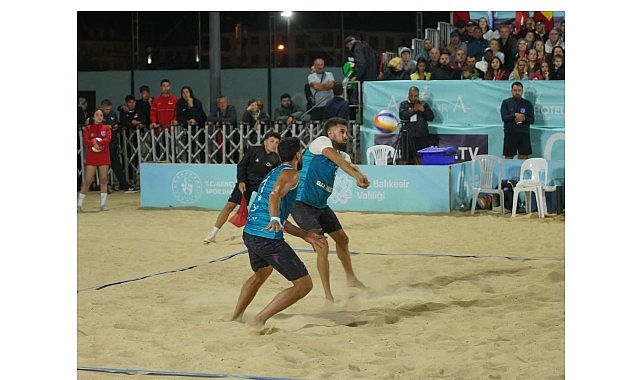 Türk voleybol tarihinde bir ilk yaşandı! Plaj Voleybolu Erkek Milli Takımı ilk kez şampiyon oldu.
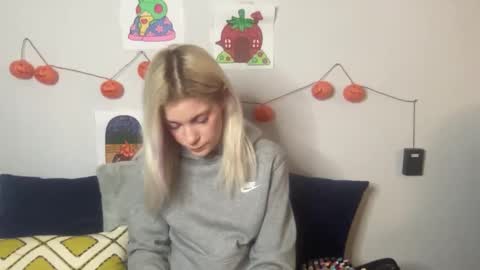 Ashlee online show from February 2026 01:26:02 AM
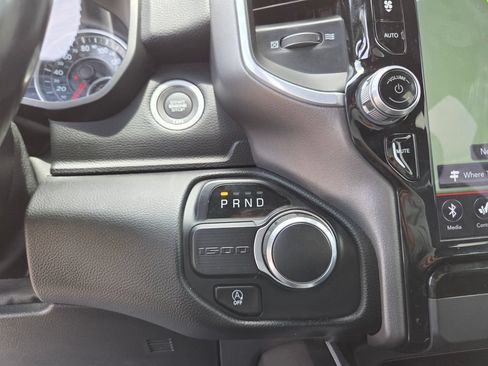 Used 2021 RAM 1500 Big Horn RWD image 30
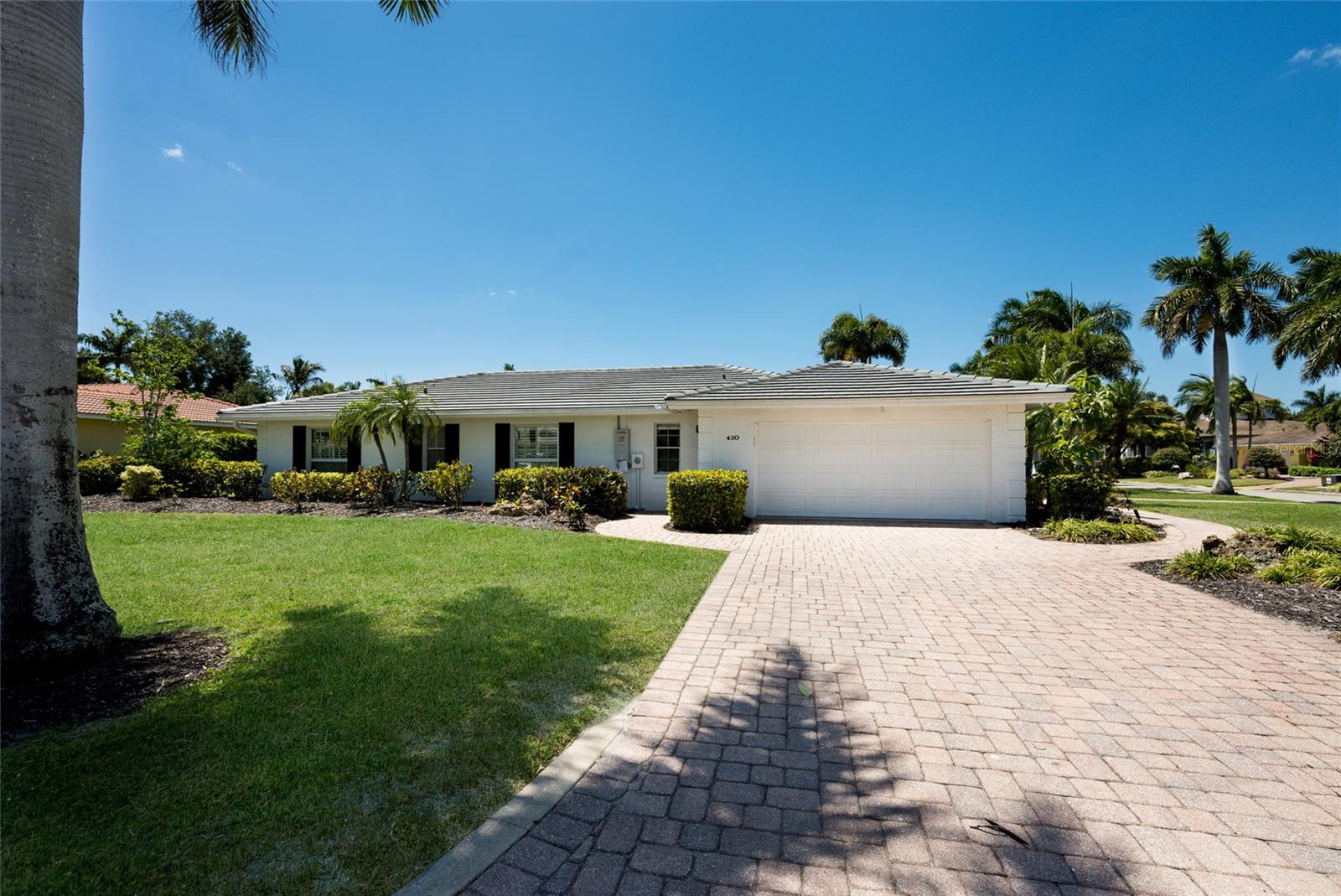 Listing photo id 36 for 430 Bird Key Drive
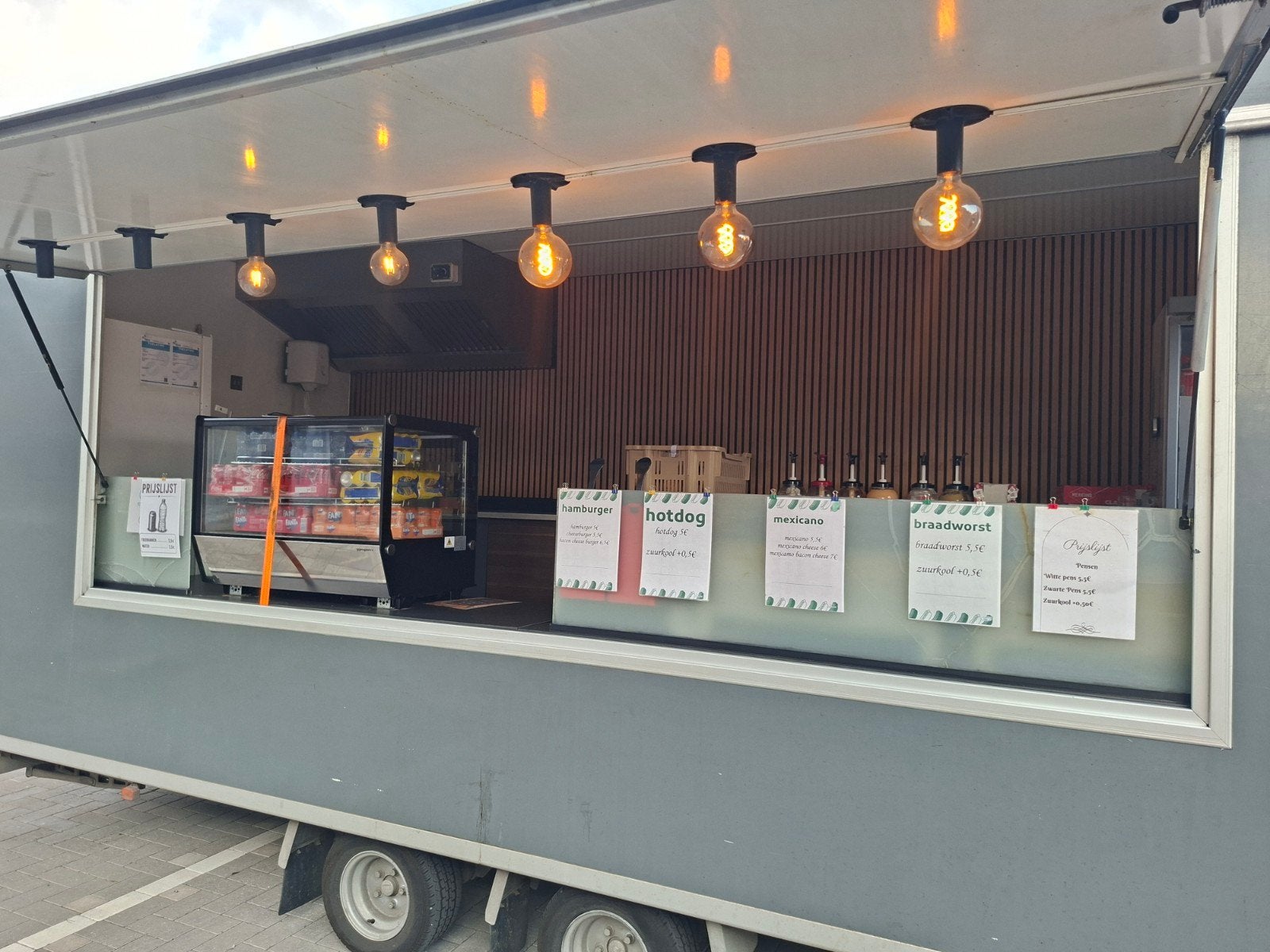 hamburgerkraam foodtruck, Ophalen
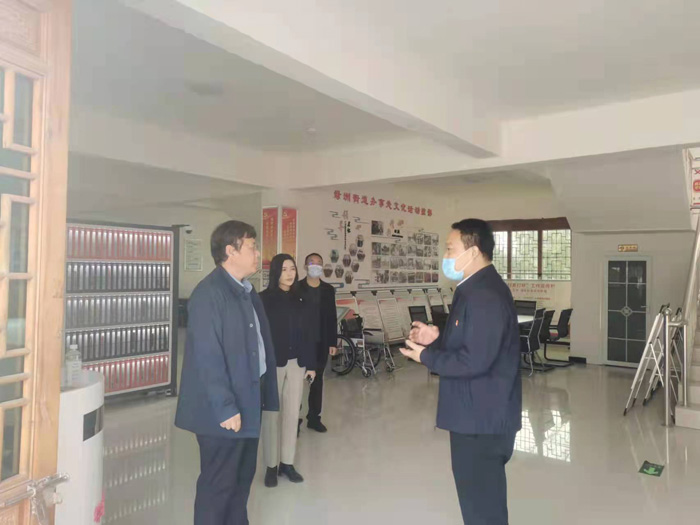 縣委常委、組織部長(zhǎng)王義彬暗訪督導(dǎo)全國(guó)文明城市創(chuàng)建工作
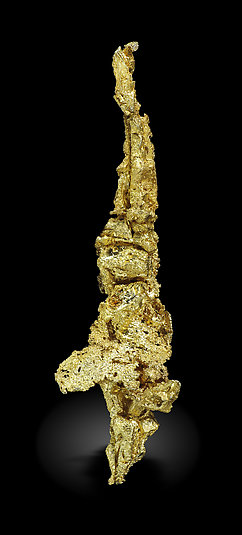 Gold (spinel twin). Front / Photo: Joaquim Calln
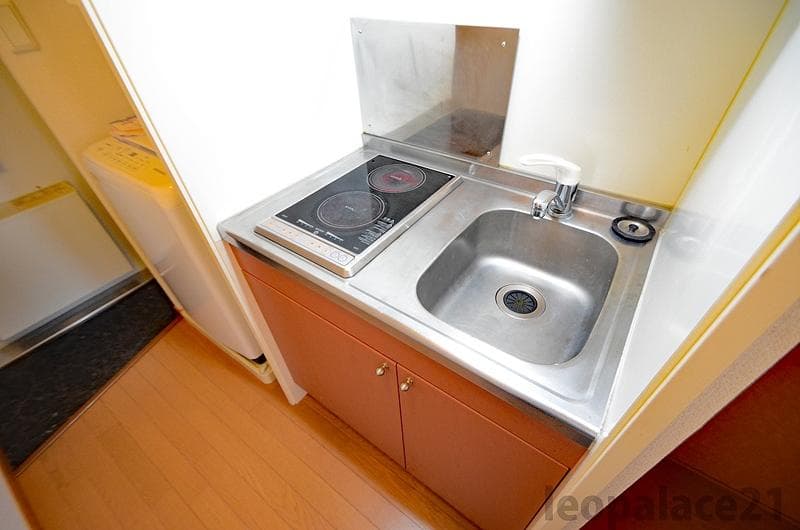 Room image 8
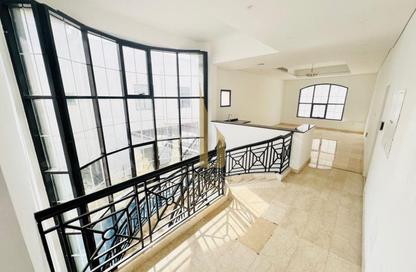 Villa - 5 Bedrooms - 5 Bathrooms for rent in Jumeirah 1 Villas - Jumeirah 1 - Jumeirah - Dubai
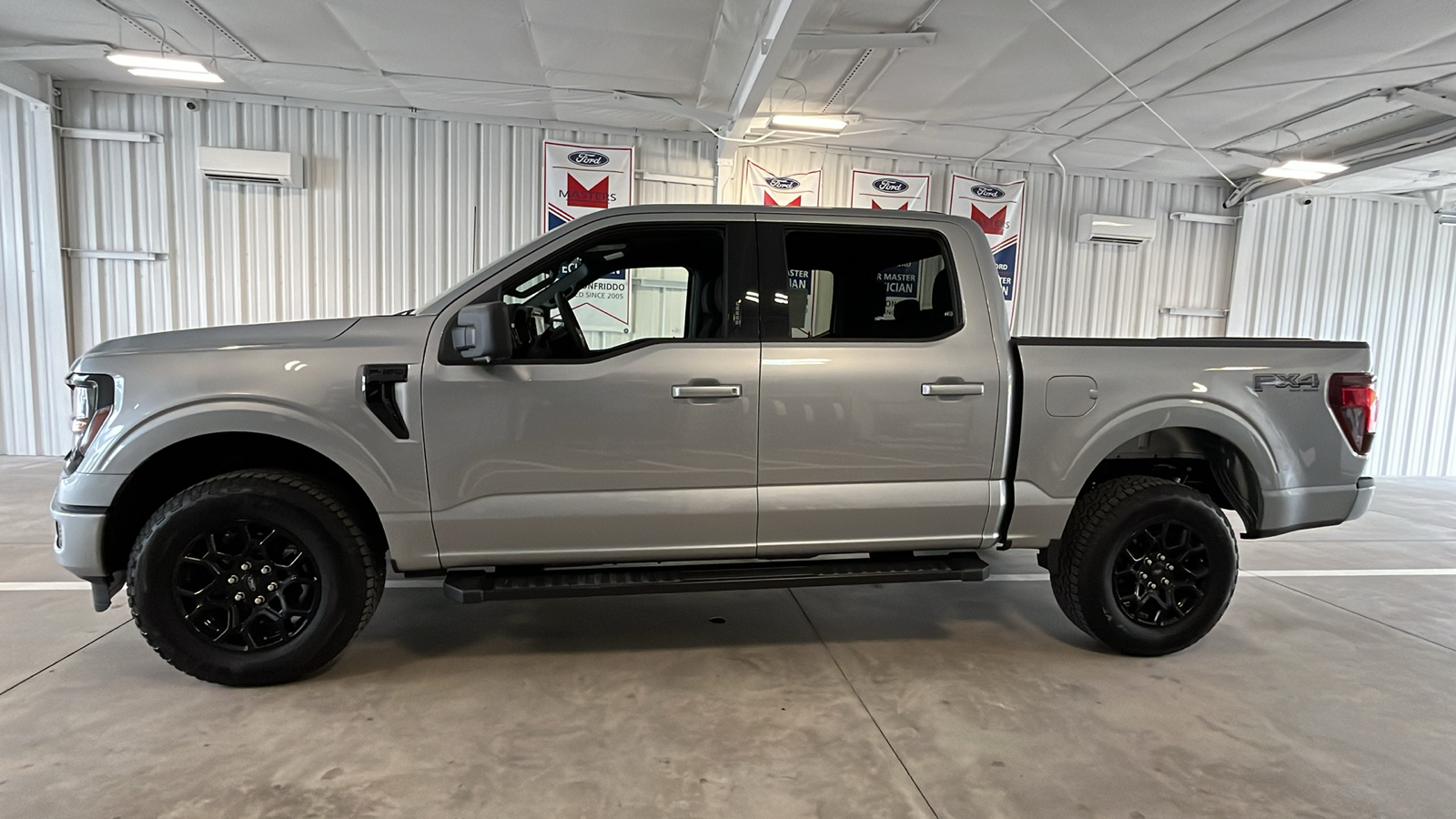 2024 Ford F-150 XLT 4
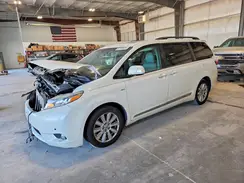 5TDDZ3DC5HS156489 2017 TOYOTA SIENNA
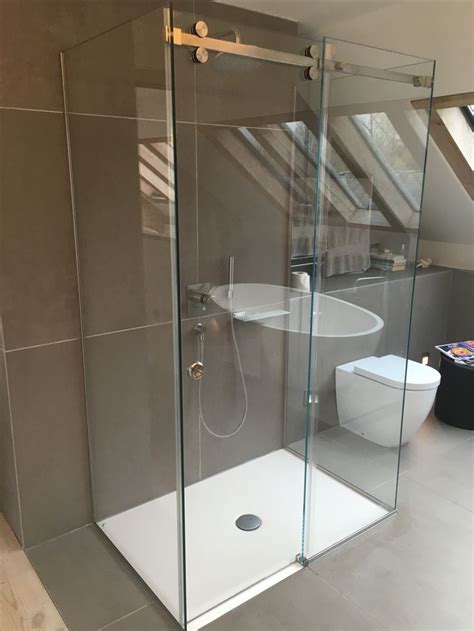 Frameless 3 Sided Sliding Shower Enclosure Installed In Marlborough Thiết Kế Nội Thất Phòng
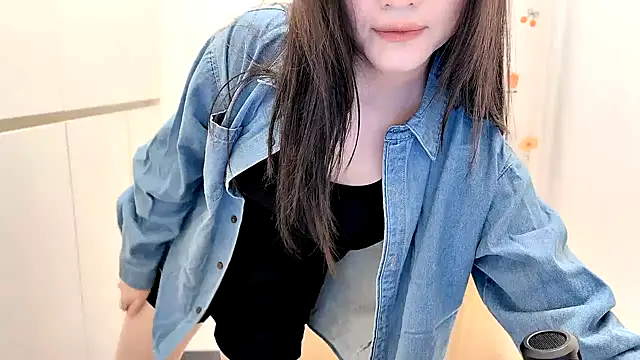 Snapshot of Rosalind_xixi chatting on 11-11-25, 10:04 Rosalind xixi online show from 11-11-25, 10:04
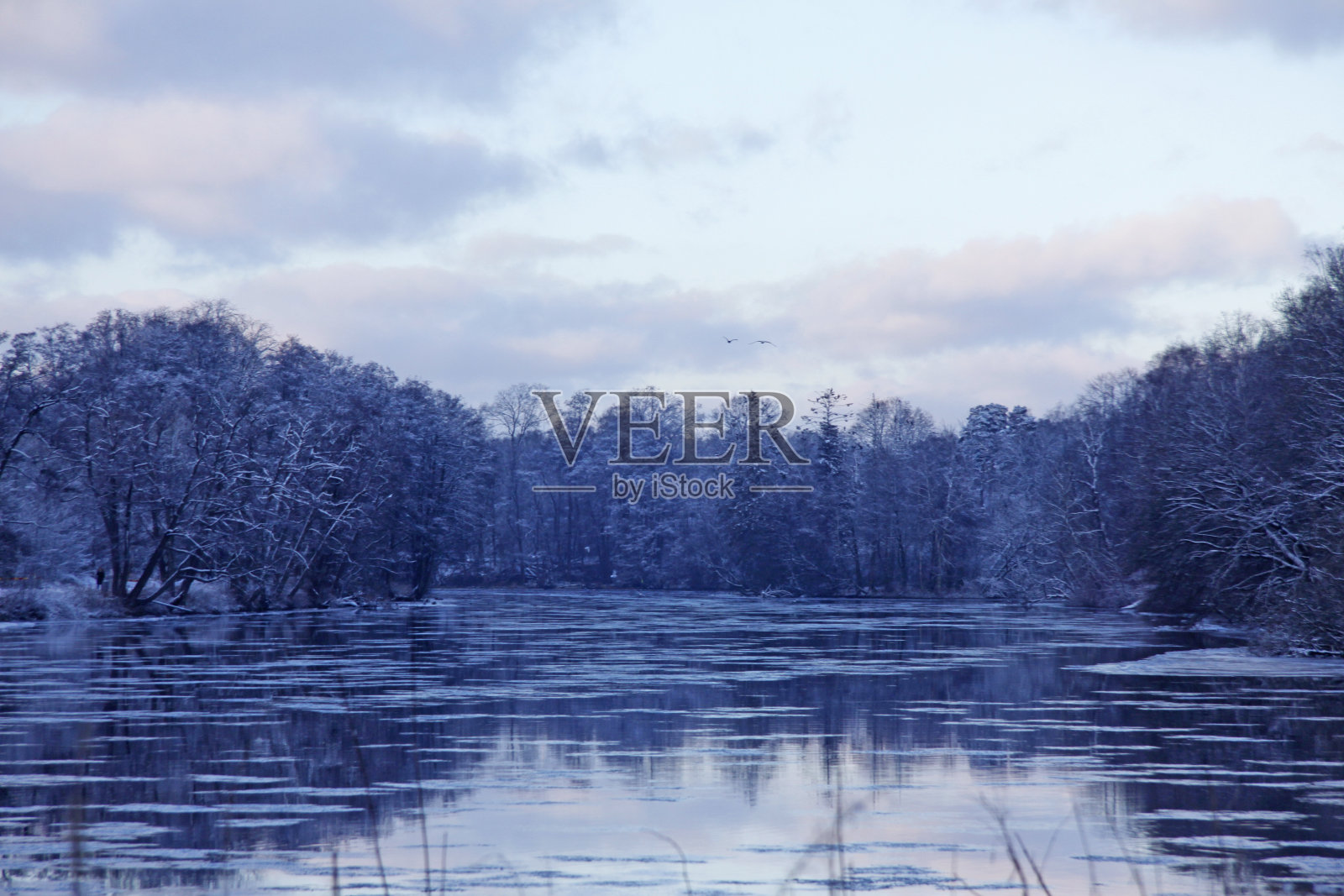 瑞典结冰的河景照片摄影图片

_WORK INSTRUCTIONS_
Please give all of the data again, exact and free of pictures.

_PROBLEM SOLUTION_
 Türk voleybol tarihinde bir ilk yaşandı! Plaj Voleybolu Erkek Milli Takımı ilk kez şampiyon oldu.
 Ashlee online show from February 2026 01:26:02 AM
 Used 2021 RAM 1500 Big Horn RWD image 30
 Listing photo id 36 for 430 Bird Key Drive
 hamburgerkraam foodtruck, Ophalen
 縣委常委、組織部長(zhǎng)王義彬暗訪督導(dǎo)全國(guó)文明城市創(chuàng)建工作
 Gold (spinel twin). Front / Photo: Joaquim Calln
 Room image 8
 Villa - 5 Bedrooms - 5 Bathrooms for rent in Jumeirah 1 Villas - Jumeirah 1 - Jumeirah - Dubai
 2024 Ford F-150 XLT 4
 5TDDZ3DC5HS156489 2017 TOYOTA SIENNA
 Frameless 3 Sided Sliding Shower Enclosure Installed In Marlborough Thiết Kế Nội Thất Phòng
 Snapshot of Rosalind_xixi chatting on 11-11-25, 10:04 Rosalind xixi online show from 11-11-25, 10:04
 瑞典结冰的河景照片摄影图片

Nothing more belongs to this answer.